Herr Struck führte darüber hinaus aus, wie herausfordernd es derzeit ist, mit denselben Akteuren, die in die kirchlichen Baulastverpflichtungen eingebunden sind, eine gemeinsame Stiftung zu gründen, um den langfristigen Schutz und die Bewahrung des kirchlichen Erbes zu sichern. Nordrhein-Westfalen ist dabei mit dem Projekt Zukunft Kirchen Räume sowie der NRW Stiftung bundesweit bereits sehr gut aufgestellt, doch gibt es eine Vielzahl an Bereichen, insbesondere die kirchliche Ausstattung, oder die Besonderheiten der Architektur des 20. Jh. betreffend, die hiervon (noch) nicht ausreichend abgedeckt werden. Hier fehlt es zumeist an Bewusstsein, nicht nur das gestaltete Ergebnis, sondern auch und gerade für das 20. Jh. die Besonderheiten der Baukonstruktion(en) als Kulturelles Erbe anzuerkennen. Erst 2019 richtete die DFG das Forschungs-Schwerpunktprogramm ‚Kulturerbe Konstruktion‘ ein, um mit gezielten Forschungsprojekten die breite Kenntnis und Akzeptanz von Konstruktionsweisen als bauhistorisches Erbe zu fördern. Seit Ende 2023 gehört auch ein spezifisch den Sakralbau der Moderne untersuchendes Förderprojekt zum Portfolie des SPP: Versteckte Stahlkonstruktionen im Sakralbau

Ebenso betroffen bzw. von der meist auf den Gebäudeerhalt abzielenden Förderlandschaft oft unberücksichtigt bleibt bisher die zwingend notwendige Förderung der Nutzung von Kirchengebäuden. Jörg Beste verwies am Beispiel NRW darauf, dass jedes aufgegebene Kirchengebäude eine Lücke im topographischen und damit im sozialen Gefüge eines Ortes entstehen lässt. Gerade größere Städte stellen einen wachsenden Bedarf an Bürgerhäusern fest, der über Neubauten derzeit gar nicht zu decken ist. Das Potenzial von Kirchengebäuden als soziale Kohäsionsorte gilt es daher, stadtplanerisch konsequent zu erfassen und zu entwickeln, wie auch die Ergebnisse des Forschungsprojekts „Obsolete Stadt“ jüngst aufgezeigt haben.
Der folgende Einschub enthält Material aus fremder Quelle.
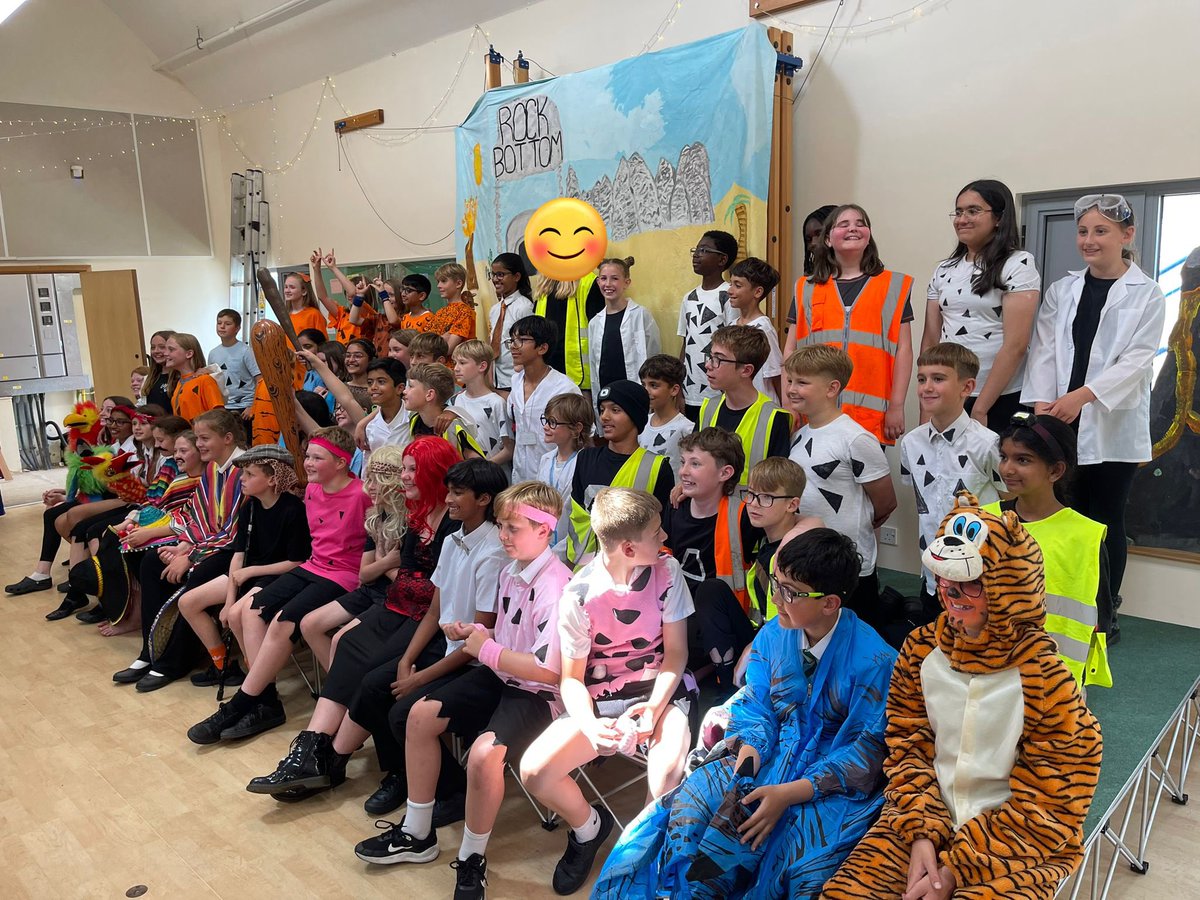 TheCroftPrimary's tweet photo. What an amazing show! Our Y6 production was “The Greatest Show” the singing and acting was worthy of an Oscar! Super proud of our Crofties 💚
@WhiteHorseFed https://t.co/e4OOhECQpD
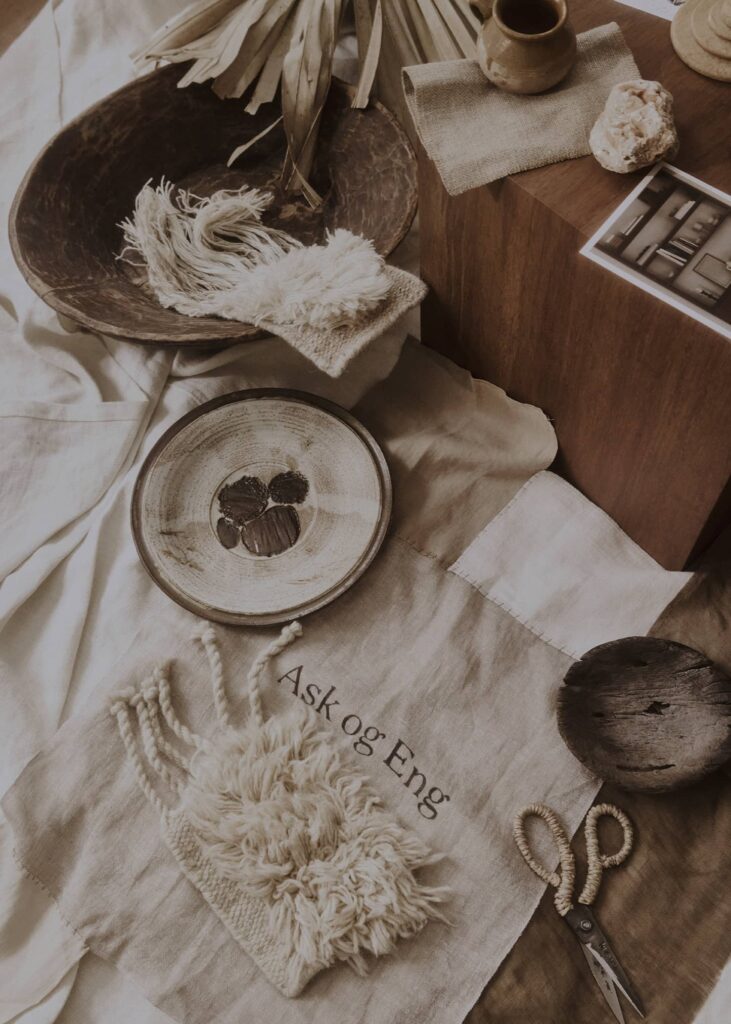 ae25 studio lounge chair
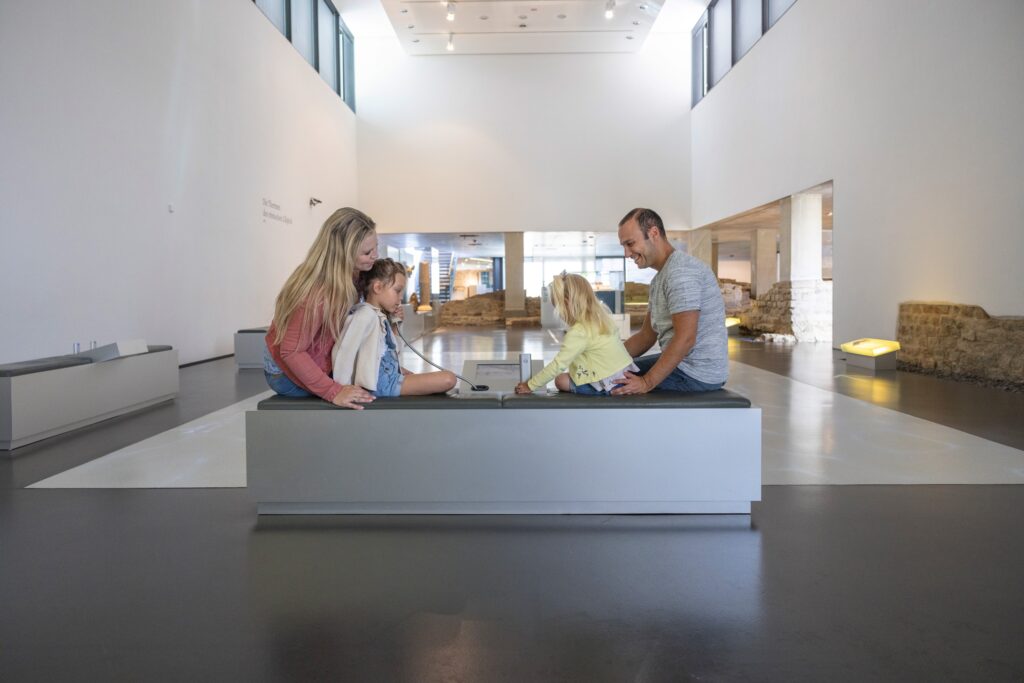 09Zülpich Landesburg_© Eifel Tourismus GmbH_Tobias Vollmer1223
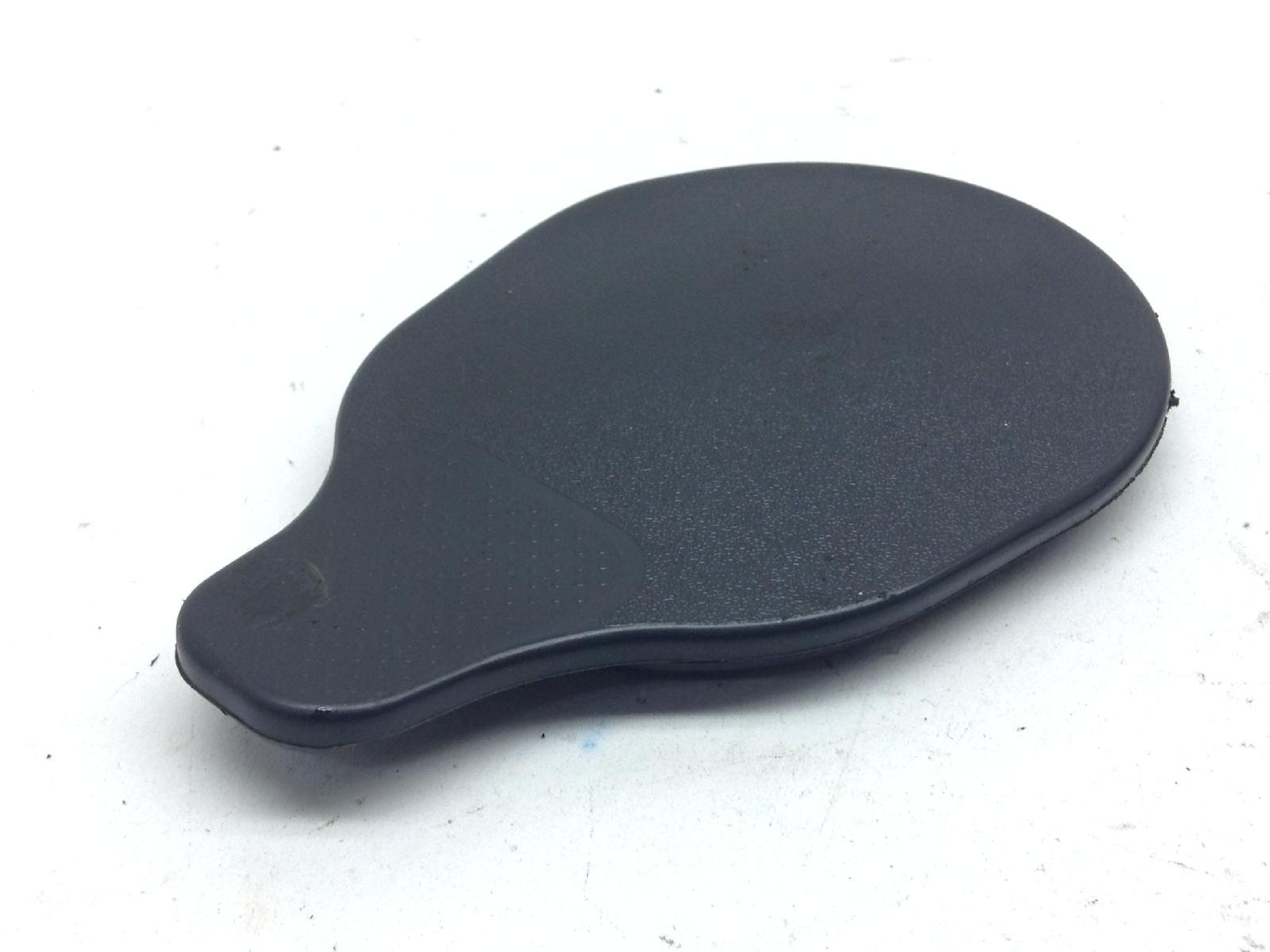 Piaggio vespa primavera red 3v 50 tappo in gomma carena controscudo 2023 2023 cd0100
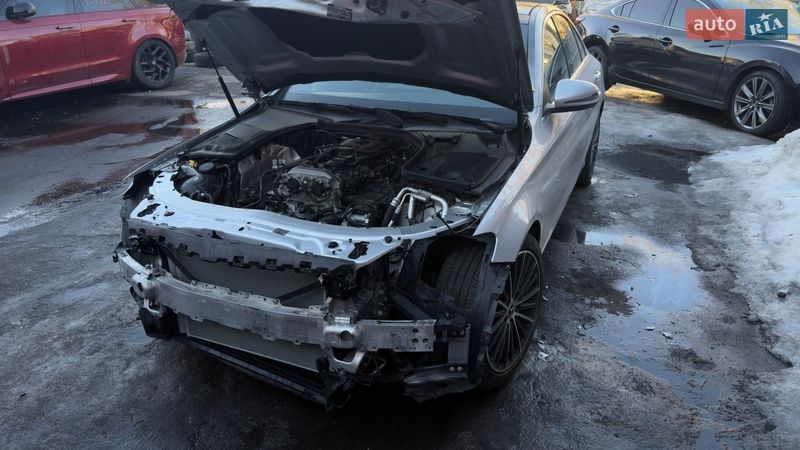 Mercedes-Benz C-Class 2020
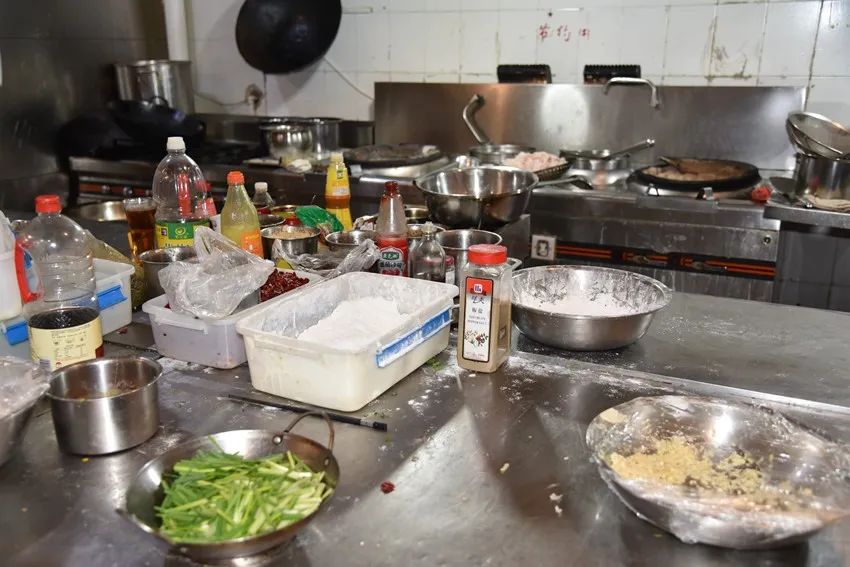 厨房脏乱差,设施设备不全,物品摆放杂乱无秩序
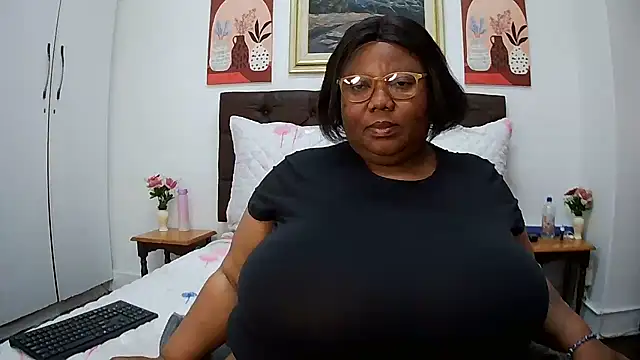 Snapshot of DAIRYBELLELIZxx chatting on July 3, 8:10 am DAIRYBELLELIZxx online show from July 3, 8:10 am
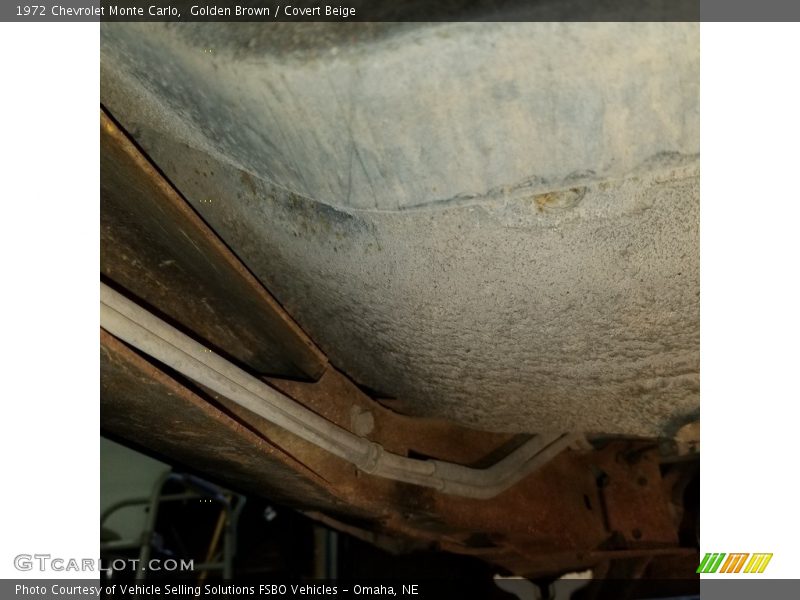 Golden Brown / Covert Beige 1972 Chevrolet Monte Carlo
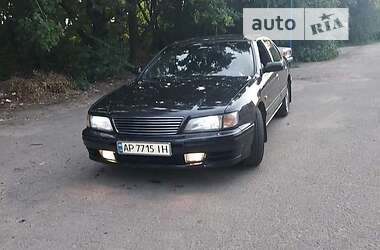 Седан Nissan Maxima 1995 в Запорожье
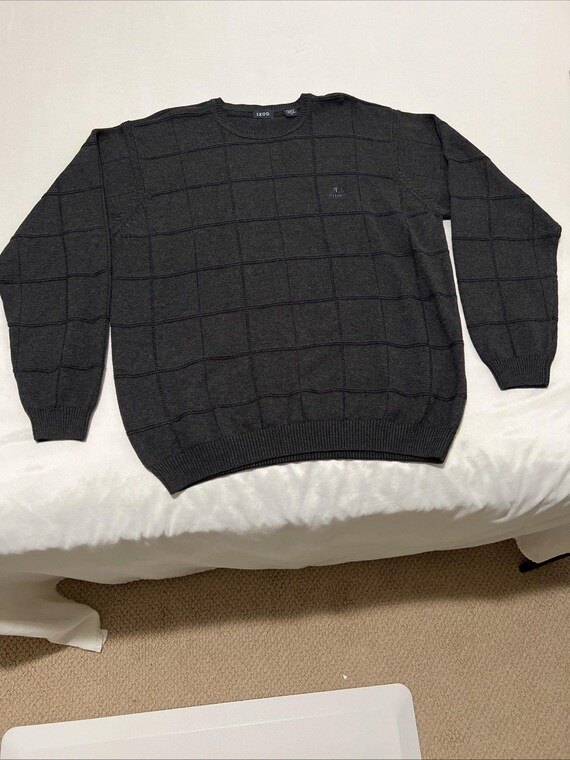 Izod, Vintage IZOD Sweater Men XL Gray Windowpane Knit Embroidered Crest 90s Hong Kong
Um all diesen Konflikten und Bedarfen adäquat begegnen zu können, erscheinen gemeinschaftliche, aber dezentral angesiedelte Förder- und Trägerschaftsmodelle nach wie vor als sinnvollste Möglichkeit. Dazu eignen sich verschiedene Rechtsformen von Stiftungen ebenso wie genossenschaftliche Zusammenschlüsse, wie Herr Hoppe aufzeigte. Zunächst muss dabei klar festgelegt sein, welche Partner für das Projekt vorhanden sind und welche Aufgaben zu bewältigen sind, bevor ein geeignetes Modell festgelegt werden kann. Das heißt, dass auch in Zukunft noch viele Einzelfalllösungen entstehen werden, die aber gemeinsam mit den bereits vorhandenen Lösungsmodellen (z.B. Einzelbau: Stiftung Brennender Dornbusch Duisburg; Kirchenregion: Stiftung Schönau der ev. Landeskirche Badens; bundesweit: Stiftung KiBa) besser vernetzt werden könnten und sollten.

Das nächste Netzwerktreffen wird im Herbst 2024 stattfinden. Thema und Termin werden rechtzeitig bekannt geben.